### Task requirements
Omit all pictures, then retype the data exactly as given.

### Dataset excerpt

+++

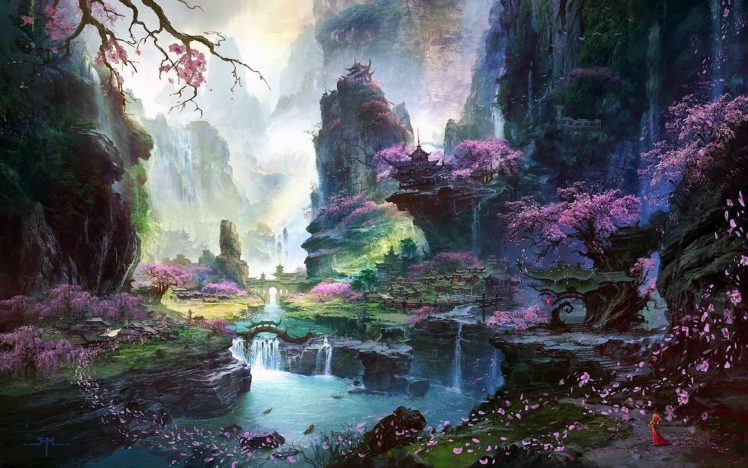 cherry, Asia, Trees, Art, River, Landscape, Waterfall, Temple HD Wallpaper Desktop Background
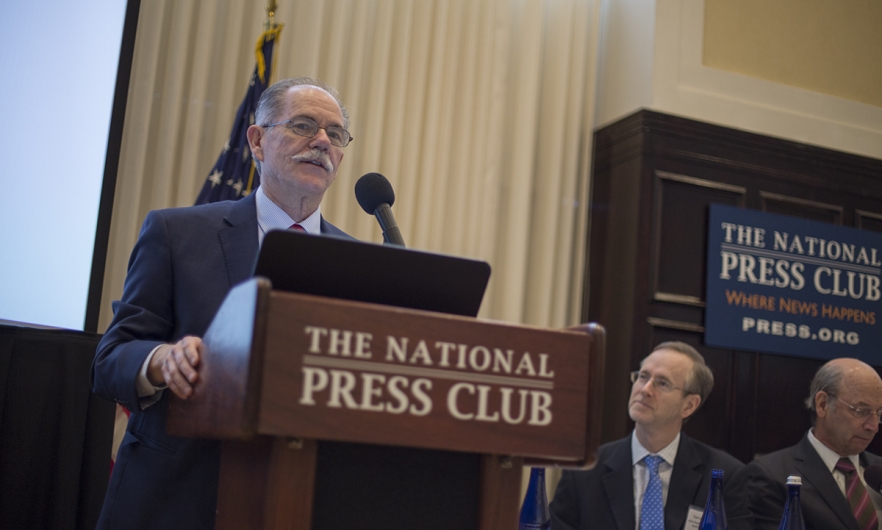 Eric Toner giving remarks at the National Press Club on the report “A Framework for Healthcare Disaster Resilience: A View to the Future” 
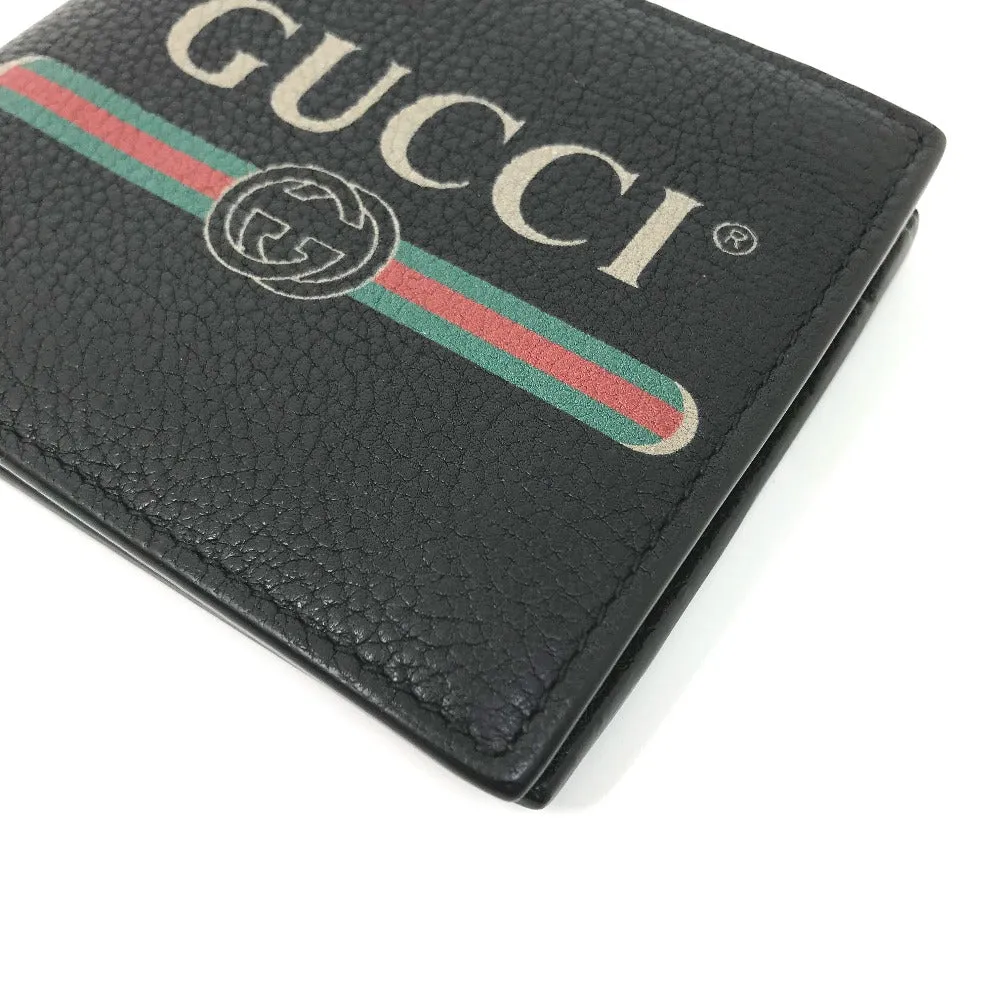 GUCCI Folded wallet 496316 leather black Vintage logo print mens Used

+++

### Answer for the task
 cherry, Asia, Trees, Art, River, Landscape, Waterfall, Temple HD Wallpaper Desktop Background
 Eric Toner giving remarks at the National Press Club on the report “A Framework for Healthcare Disaster Resilience: A View to the Future” 
 GUCCI Folded wallet 496316 leather black Vintage logo print mens Used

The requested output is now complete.